Ignore that bit. I didn't see the square root in your denominator.

Try a trig subsitution, if you don't want to use a formula booklet.

Okay so I heard the most suitable trig substitution for this type has to be letting u = 4 sin(theta) , then it implies that du= 4cos(theta) * d(theta)

So substituting in that I get 3/2 [4cos(theta)d(theta)/sqrt(16 - 16sin^2(theta)]

From the bottom of my denominator I have a constant 16 that I can factor out here so now I get the following:

3/2 [4cos(theta)d(theta)/sqrt (16 (1 - sin^2(theta)]

But the trig identity is cos^2x + sin^2x = 1

So therefore it implies that 3/2 [4cos(theta)d(theta) /sqrt(16 cos^2(theta)]

Again this can simplify down to ---> 3/2 [4cos(theta)d(theta) /4cos(theta)]

The 4cos(theta) cancels in the top and bottom of the fraction so that leaves me with: 3/2 * integral d(theta) = (theta) + c

But I know initially u = 4 sin(theta) so (theta) = sin^-1(u/4) as well as u being x^2

So to finish off I get the integral value to be 3/2 * arcsin(x^2/4) + c

Sorry if this took a little long to respond. I was writing and typing at the same time.

Is this the right answer?

https://www.wolframalpha.com/input/?i=int+3x%2Fsqrt(16+-+x%5E4)

Yep.

I've used the substitution x=2root(sinu) to begin with.

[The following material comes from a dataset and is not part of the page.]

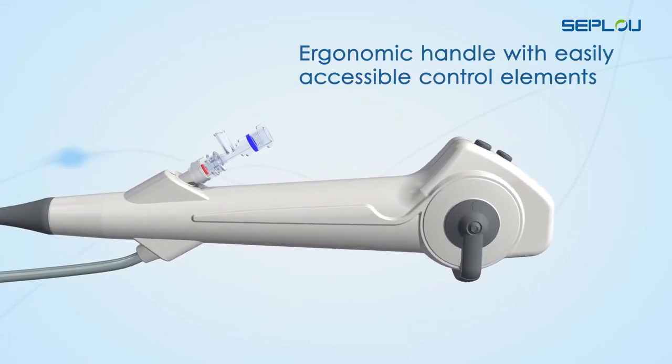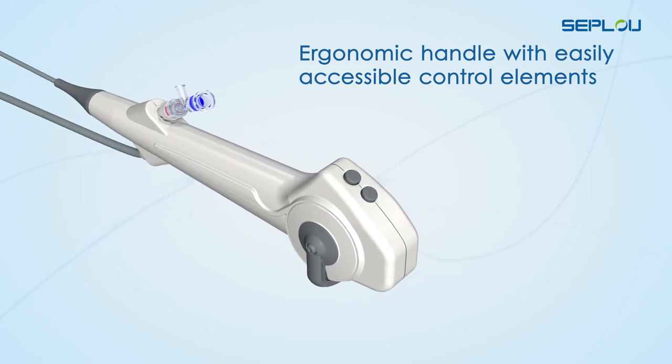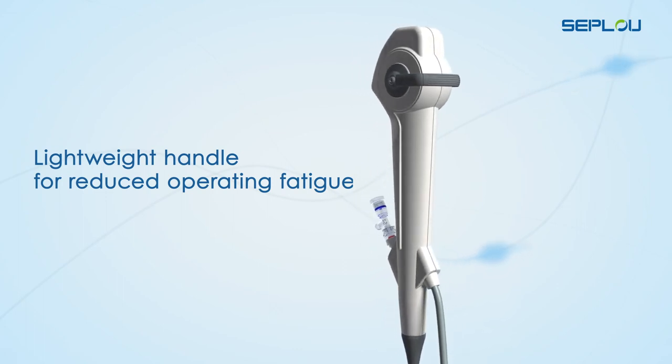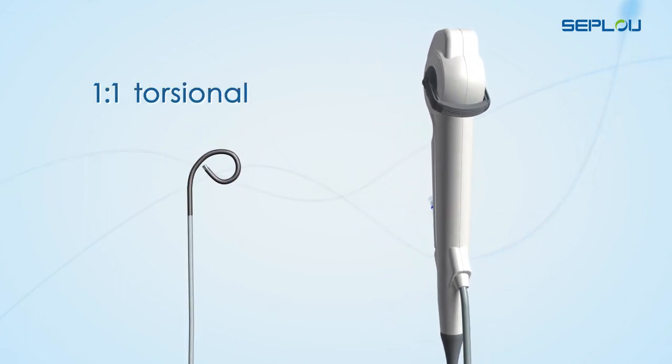Ergonomic handle with easily accessible control elements. Lightweight handle for reduced operating fatigue. Perfect control with 1-to-1 torsional stiffness.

For the situation the the OP has, we can use another substitution : v = 4sinu

Otherwise, just the standard result as RDK suggested in post #3

Yes I have tried it and it seems to work now. Thanks!

FYI that sub comes from literally just combining the two subs you did.

First $u = x^2$

then $u = 4 \sin \theta$


Hence $x^2 = 4 \sin \theta \implies x = 2\sqrt{\sin \theta}$.

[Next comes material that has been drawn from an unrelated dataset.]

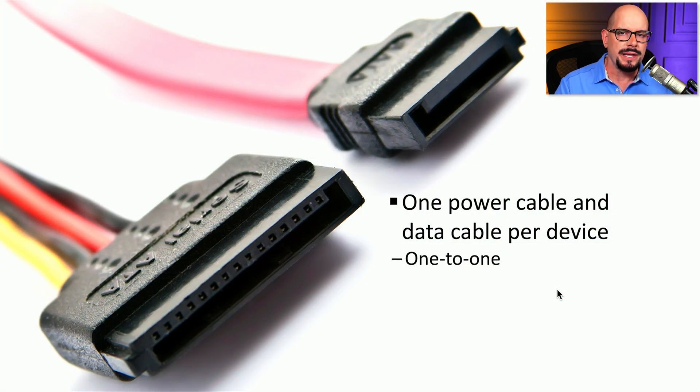With SATA, there is a direct connection between the drive itself and the motherboard connector — a one-to-one relationship. The single cable for power connects to your power supply, and the single cable for data runs from the storage drive to the data connector on the motherboard. SATA doesn't support any type of daisy chaining or multiple drives on a single cable, so if there are eight SATA interfaces on a motherboard, it can support eight total drives.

I'd be very surprised if he came up with it without thinking about these two subs individually first.

Ahh I see!

Just to clarify. Would take the general rule of thumb to always be that the trig sub is x = m*sin(theta), when the denominator we are looking is of the form of sqrt (m^2 - x^2)? Because the goal is to really break it down to a single trig function like you have mentioned before.

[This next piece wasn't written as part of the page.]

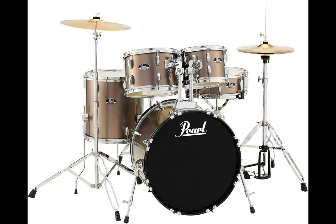Personally, I prefer the Pearl Roadshow five piece drum set because of its sound quality and durability. Once again, check the description below for links to the drums we covered in this video.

Would this always work when doing these types of integrals if the above conditions are met?

Yes (you mentioned the denominator of that form, but note that the numerator needs to be constant)

For $\displaystyle \int \dfrac{dx}{\sqrt{a^2 - x^2}}$ you sub in $x = a \sin \theta$.

Honestly, check your formula booklet. Do you have one? It should be in there without the need to remember!

It definitely is as I have looked into

https://qualifications.pearson.com/content/dam/pdf/A%20Level/Mathematics/2017/specification-and-sample-assesment/Pearson_Edexcel_A_Level_GCE_in_Mathematics_Formulae_Book.pdf

I do think it would be best to still commit it to memory, as it would just save the hassle of flicking through the pages during exams.

On that case it is safe to quote a result like that if it known to be a standard result without proof, right?

Okay so I heard the most suitable trig substitution for this type has to be letting u = 4 sin(theta) , then it implies that du= 4cos(theta) * d(theta)

So substituting in that I get 3/2 [4cos(theta)d(theta)/sqrt(16 - 16sin^2(theta)]

From the bottom of my denominator I have a constant 16 that I can factor out here so now I get the following:

3/2 [4cos(theta)d(theta)/sqrt (16 (1 - sin^2(theta)]

But the trig identity is cos^2x + sin^2x = 1

So therefore it implies that 3/2 [4cos(theta)d(theta) /sqrt(16 cos^2(theta)]

Again this can simplify down to ---> 3/2 [4cos(theta)d(theta) /4cos(theta)]

The 4cos(theta) cancels in the top and bottom of the fraction so that leaves me with: 3/2 * integral d(theta) = (theta) + c

But I know initially u = 4 sin(theta) so (theta) = sin^-1(u/4) as well as u being x^2

So to finish off I get the integral value to be 3/2 * arcsin(x^2/4) + c

Sorry if this took a little long to respond. I was writing and typing at the same time.

Is this the right answer?

yes it is